Lors de notre précédente édition de “Regards sur la Méditerranée centrale”, nous faisons le point sur les derniers événements survenus en Méditerranée occidentale et sur la route de l’Atlantique. 

Or pour le seul week-end dernier, près de 2000 personnes ont atteint les îles Canaries à bord de 40 embarcations. Un mort aurait été découvert à bord d’une embarcation transportant près de 160 personnes, dont beaucoup souffraient de déshydratation. 
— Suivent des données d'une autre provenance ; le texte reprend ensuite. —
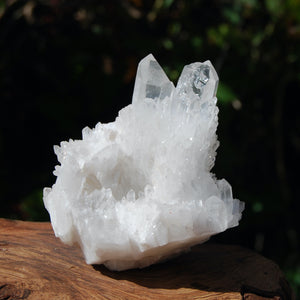 Transmitter Sugar Quartz Crystal Cluster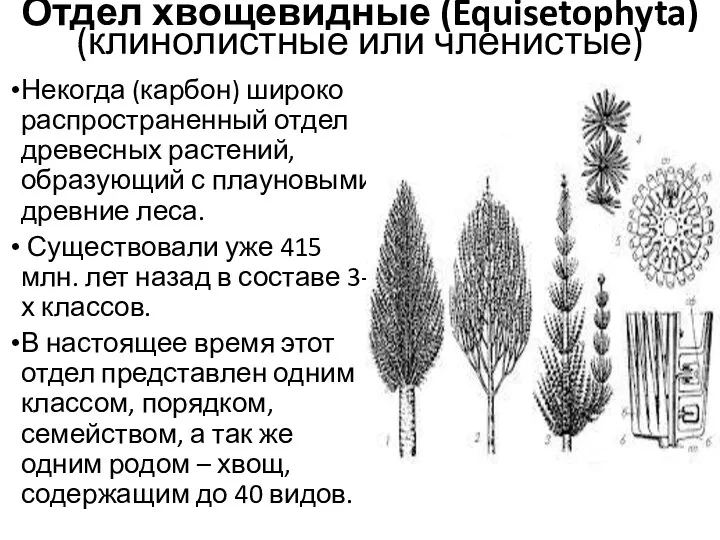 Отдел хвощевидные (Equisetophyta) (клинолистные или членистые) Некогда (карбон) широко распространенный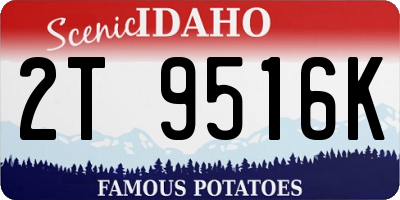 ID license plate 2T9516K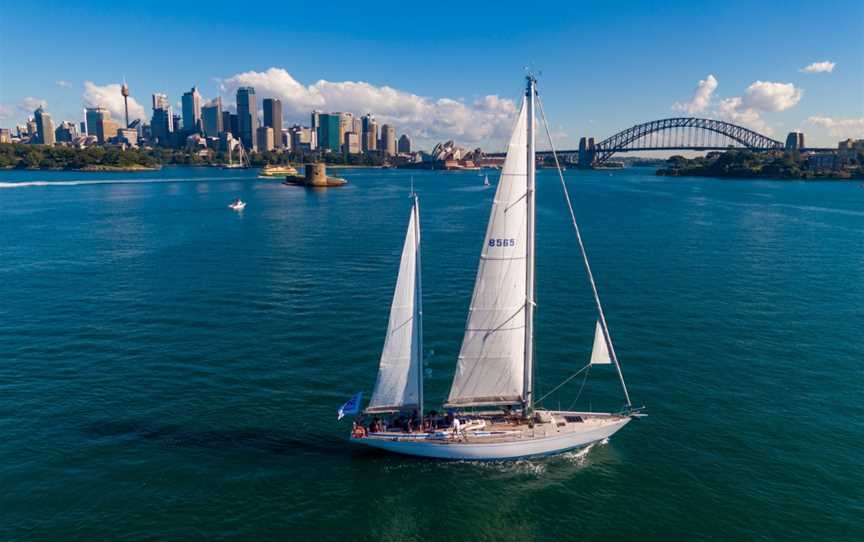 Swanning Around, Sydney, NSW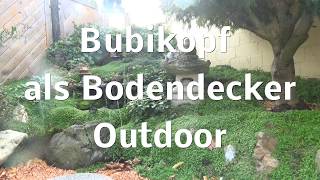 Bubikopf als Bodendecker  Outdoor  Asien Garten  Beetgestaltung [upl. by Aramat]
Au cours des dix jours précédents, plusieurs centaines de personnes ont débarqué aux Canaries, aux Baléares et au sud de l’Espagne. Le 2 novembre, au moins deux corps ont été retrouvés dans des embarcations arrivant sur les côtes espagnoles. Une personne a été retrouvée morte sur une embarcation secourue près de la Grande Canarie par les sauveteurs espagnols et la Guardia Civil. Le 4 novembre, une embarcation transportant 72 personnes a été secourue au sud de Tenerife, avec à bord un mort et trois personnes gravement malades. Selon leurs témoignages, ils étaient en mer depuis dix jours, après leur départ du Sénégal.

Près de 200 personnes sont portées disparues après deux naufrages survenus fin octobre dans l’océan Atlantique, en essayant d’atteindre les îles Canaries. On sait maintenant qu’au moins 140 personnes auraient trouvé la mort le 24 octobre dans ce que l’OIM a appelé le “naufrage le plus meurtrier de l’année”, au cours duquel une embarcation transportant près de 200 personnes a coulé au large du Sénégal (voir notre dernière édition de “Regards-sur-la-mediterranée-centrale“). Plus de cinquante personnes seraient également décédées dans un naufrage au large des côtes mauritaniennes, selon le témoignage de 27 personnes rescapées.